# Anyone Want to Meet Up for CES?



## Patrick Bateman (Sep 11, 2006)

Is anyone here interested in meeting up at CES, and talking horns? I didn't want to post this in the 'regular' forum since there are probably dozens of people going this week, and a meetup would get a little out-of-hand if there were a lot of people.

But if anyone is interested in talking shop, let me know! I'll be there Thursday and Friday.


----------



## schmiddr2 (Aug 10, 2009)

^^^ One of the most informative people on horns. And bump.


----------



## brandont (Apr 22, 2005)

I am not currently running them, but i have always liked them and am going to CES. i am local so pm me


----------



## Eric Stevens (Dec 29, 2007)

Patrick 

I am heading up tomorrow and should have time to join in on the discussion.

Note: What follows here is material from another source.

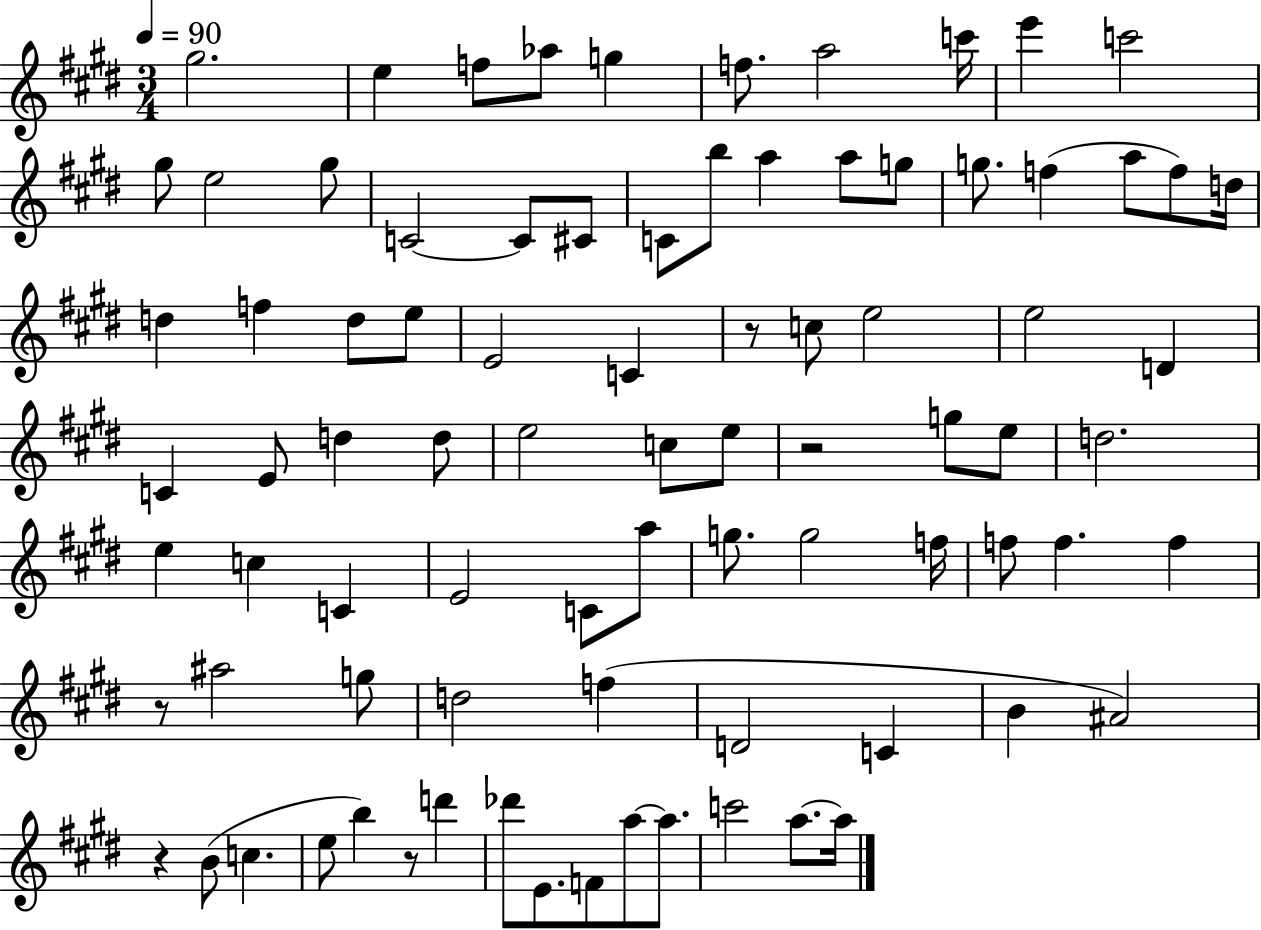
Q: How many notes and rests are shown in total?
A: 84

email is eric at ejsaudio dot com or my cell 310-869-4438

Eric


----------



## Patrick Bateman (Sep 11, 2006)

This CES has been a nightmare. I'm in Vegas as we speak, but I never even made it to the convention. I want to apologize for not following up sooner. Would've been great to meet up.


----------



## brandont (Apr 22, 2005)

I am local and was only able to for the first half of the second day; I feel your pain


----------